Please transcribe the data that follows without the pictures, keeping every word the same.

» SUPPLIED MATERIAL:
——————————

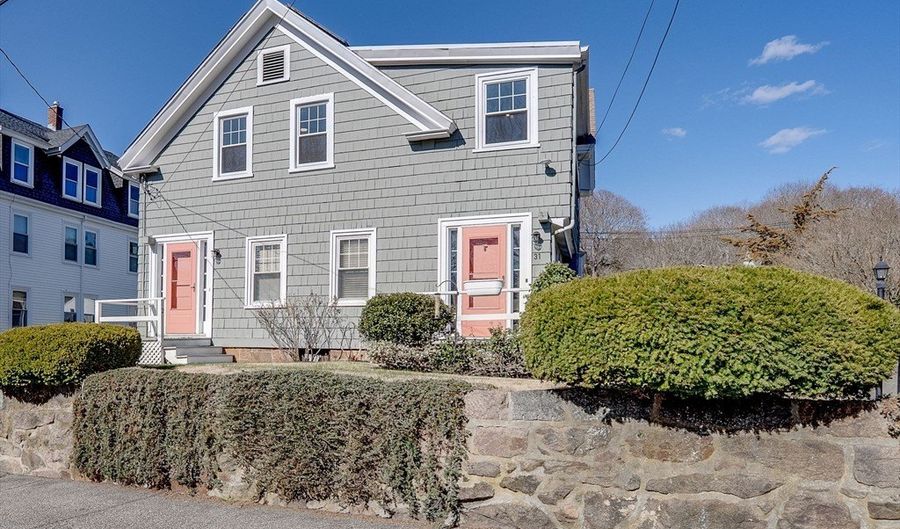 31 High Street 2, Beverly, MA 01915 - 2 Beds, 1 Bath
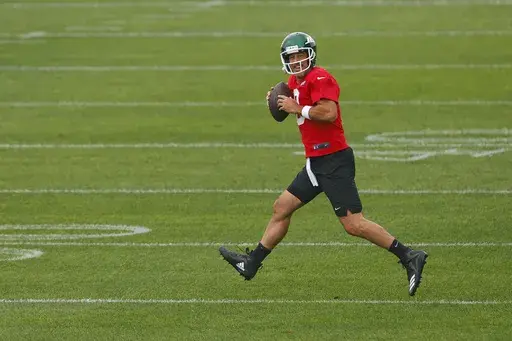 CORRECTS DATE: New York Jets quarterback Aaron Rodgers (8) drops back to throw during the team's NFL football training camp, Wednesday, July 24, 2024, in Florham Park, N.J. (AP Photo/Rich Schultz)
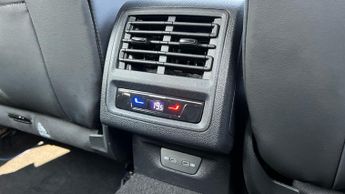 Volkswagen Golf 2.0 TSI 320 R 4Motion 5dr DSG With Panoramic Sunroof and Rear Ca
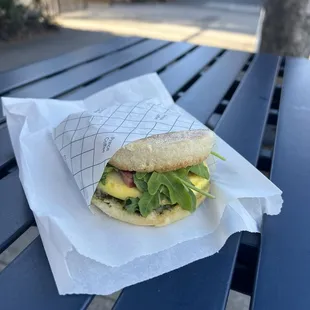 Breakfast sandwich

——————————

» ANSWER TO THIS EXERCISE:
 31 High Street 2, Beverly, MA 01915 - 2 Beds, 1 Bath
 CORRECTS DATE: New York Jets quarterback Aaron Rodgers (8) drops back to throw during the team's NFL football training camp, Wednesday, July 24, 2024, in Florham Park, N.J. (AP Photo/Rich Schultz)
 Volkswagen Golf 2.0 TSI 320 R 4Motion 5dr DSG With Panoramic Sunroof and Rear Ca
 Breakfast sandwich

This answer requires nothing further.